Essay on Financial Accounting
This paper seeks the locate the Balance Sheet, Income Statement and Statement of Cash Flows from the 2007 annual reports of Amazon and Dell respectively and describe the general organization of each of the three sets of financial statements. This will be followed by a determination of whether net income or cash from operating activities which is more useful in the organization for each of the two companies. The last part requires to make one prediction about each company from that company’s financial statements and to reach one additional conclusion about each company from the additional information that may be found in their annual reports.
The required financial statements were indeed found from the two companies. For Amazon, the general organization of each of the three sets of financial statements is as follows: The Statement of Cash Flows was presented first, followed by the Income Statement (or Statement of Operations) and then by the Balance Sheet (Amazon, 2007).
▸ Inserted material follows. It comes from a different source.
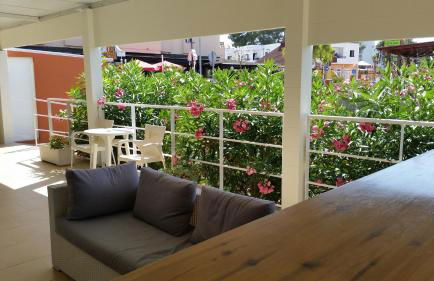 Apartamentos Vista al Puerto - Foto 12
Since the Statement of Cash Flows came ahead than the Income Statement, it follows that cash from operating activities is more useful than income for the organization.
For Dell, on the other hand, the general organization of each of the three sets of financial statements is as follows: The Balance Sheet was presented first, followed by Income Statement and then by the Statement of the Cash Flows. The more useful for Dell, is the opposite with the case of Amazon, as this time, net income is more important than cash from operating activities because Income Statement came ahead of the Statement of Cash Flows (Dell, 2007).
For Amazon, it could be predicted the revenues will grow 39% while total assets to grow by 49% in 2008 based on the Income Statement and Balance Sheet revenues figures for 2007 and 2006. For Dell, it could be predicted the sales will grow by 6% while total assets to grow by 8% based also on historical financial statement figures See Appendix 1. One additional conclusion that could be made for Dell will continue to have higher profitability that Amazon for the year 2008 in terms of return on sales and return on assets in 2007 for both companies. See Appendix 1.